Scroll untuk baca artikel
Risalah

Perjalanan Kreativitas Ebiet G Ade dan Telur Asin

Redaksi
×

Perjalanan Kreativitas Ebiet G Ade dan Telur Asin

Sebarkan artikel ini

Perlu dicatat, selama tinggal di rumah orang tua saya di Jalan Cendrawasih, Ebiet lebih memilih tidur di gudang belakang yang segera saya sulap menjadi kamar untuk kami berdua. Selama itu pula dia beberapa kali saya ajak ke Brebes, antara lain ke alun-alun dan ke kampung nelayan Tuel. Selalu setiap saat itu kami tak lupa membeli telur asin di Pasar Brebes. Tetapi setiap kali itu dia menunjukkan kekecewaannya kepada saya.

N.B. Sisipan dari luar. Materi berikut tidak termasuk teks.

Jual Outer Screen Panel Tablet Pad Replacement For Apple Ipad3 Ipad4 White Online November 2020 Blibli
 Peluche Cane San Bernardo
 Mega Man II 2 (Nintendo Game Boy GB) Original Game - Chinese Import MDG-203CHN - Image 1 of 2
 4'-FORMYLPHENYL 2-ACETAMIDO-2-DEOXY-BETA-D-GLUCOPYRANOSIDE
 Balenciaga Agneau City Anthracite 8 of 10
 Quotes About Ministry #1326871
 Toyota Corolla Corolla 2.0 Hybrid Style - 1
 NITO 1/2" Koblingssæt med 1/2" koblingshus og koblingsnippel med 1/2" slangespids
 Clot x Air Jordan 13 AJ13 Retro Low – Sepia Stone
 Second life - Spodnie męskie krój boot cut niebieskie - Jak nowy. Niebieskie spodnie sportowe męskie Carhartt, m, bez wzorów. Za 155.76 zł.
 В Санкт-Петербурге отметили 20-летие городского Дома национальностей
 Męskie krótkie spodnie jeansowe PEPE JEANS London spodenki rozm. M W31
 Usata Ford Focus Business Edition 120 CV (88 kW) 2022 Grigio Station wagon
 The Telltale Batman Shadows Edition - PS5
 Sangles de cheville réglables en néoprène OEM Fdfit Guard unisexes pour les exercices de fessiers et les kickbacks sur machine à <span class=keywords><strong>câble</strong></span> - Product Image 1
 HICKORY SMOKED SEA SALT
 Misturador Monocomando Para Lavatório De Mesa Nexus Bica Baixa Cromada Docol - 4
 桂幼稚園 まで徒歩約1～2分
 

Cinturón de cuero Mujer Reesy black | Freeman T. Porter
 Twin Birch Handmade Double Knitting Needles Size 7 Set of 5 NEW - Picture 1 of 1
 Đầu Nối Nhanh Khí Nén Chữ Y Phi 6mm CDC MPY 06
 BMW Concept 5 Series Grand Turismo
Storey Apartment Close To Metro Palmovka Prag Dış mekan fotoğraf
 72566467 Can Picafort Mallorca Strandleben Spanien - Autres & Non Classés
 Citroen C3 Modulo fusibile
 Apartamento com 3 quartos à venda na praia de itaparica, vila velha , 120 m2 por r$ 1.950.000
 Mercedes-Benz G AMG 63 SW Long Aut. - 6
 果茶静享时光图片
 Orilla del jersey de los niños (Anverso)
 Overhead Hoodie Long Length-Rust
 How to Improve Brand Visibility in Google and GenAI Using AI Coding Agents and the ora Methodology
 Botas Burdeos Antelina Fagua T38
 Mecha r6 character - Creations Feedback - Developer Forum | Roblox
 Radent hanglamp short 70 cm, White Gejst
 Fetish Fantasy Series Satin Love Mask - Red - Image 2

Pasalnya telur asin yang ini kali tidak sesuai dengan harapannya, kuningnya tidak masir berminyak! Mungkin karena kami tidak seahli Habib Lutfi dalam memilih telur asin. Dan untuk menutupi kekecewaannya Ebiet mulai bertanya tentang mengapa dan bagaimana Brebes. Berdasarkan cerita dari mulut ke mulut saya pun mengemukakan, tentang mitos Joko Poleng.

Kisah tentang seorang Pangeran, yang bisa mengubah diri sebagai ular setelah mengenakan selongsong ular temuannya. Kisah ini begitu diyakini oleh masyarakat Brebes, tanpa ada pengejawabantahan mitos di baliknya.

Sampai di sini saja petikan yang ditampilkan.